21: iridescent] irridescent

  40: up-a-loft] up-a-flot

  (While “flot” is an obsolete form of “float” and “up-afloat” could be what ML intended, I have emended to “up-a-loft,” largely on the strength of Jim Powell’s suggestion that “up-a-loft” is a pseudo-archaic, poetical locution for “air, as in theatrical space.”)

  52: lightning] lightening

  26. JOYCE’S ULYSSES. Composition date unknown. NOMS. First published in LB (“1921–1922”). This text follows the first published version, with the exception of two emendations:

  24: satirize] satirise

  44: its] it’s

  Editor’s Note: This poem was probably written shortly after the publication of the first edition of James Joyce’s Ulysses (February 1922) by Sylvia Beach’s Shakespeare & Company Bookshop, but possibly earlier. ML closely monitored the events preceding its publication, namely, the confiscation and destruction by the U.S. Post Office of four issues of The Little Review in which serial installments of the novel had appeared between 1918 and 1921. Attorney-collector John Quinn (n. 22, 27) tried unsuccessfully to defend the magazine’s editors in court. Shortly after ML met Joyce in Paris, her portrait of him appeared in Vanity Fair (April 1922, p. 65).

  27. “THE STARRY SKY” OF WYNDHAM LEWIS. Composition date unknown. NOMS. First published in LB (“1921–1922”), but probably written somewhat earlier, following the reproduction of Lewis’s The Starry Sky (pencil, pen, ink, wash, and gouache drawing, 1912) in the November 1917 issue of The Little Review. This edition’s text follows the first published appearance.

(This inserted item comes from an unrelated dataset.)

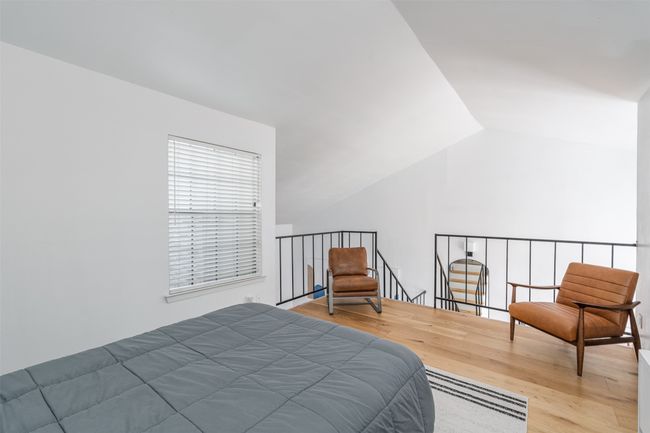 Bedroom featuring wood finished floors and lofted ceiling | Image 12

  Editor’s Note: Wyndham Lewis (1884–1957), the English painter, writer, and iconoclast, became famous for aiming invective at the Bloomsbury group (“pansy-clan”) in the pages of his polemical puce-colored magazine, Blast, while ML was still in Florence. Like FTM, Lewis was the impresario of an aggressive cultural reform movement, in his case, Vorticism, which assaulted guardians of taste and advocated the overthrow of outmoded institutions and traditions. Vorticism advocated violence against Victorianism and celebrated the vortex as the point of maximum energy, concentration, and power. ML had known Lewis in Paris, had been impressed by his “Timon of Athens” series in the Second Post-Impressionist Exhibition in London (1912), and had followed his arguments with FTM. Finally, after seeing his work in a second exhibition at the Grafton Galleries in London (1914), she reintroduced herself as “an old friend of the Montparnasse quarter—Mina Haweis—” then made some polite remarks about the show, before letting go: “Of all the new work which seems to be groping in super-consciousness—yours alone is creating there—masterfully aware.… I am rash—but please tell me what the drawings cost—I must … have one” (WL).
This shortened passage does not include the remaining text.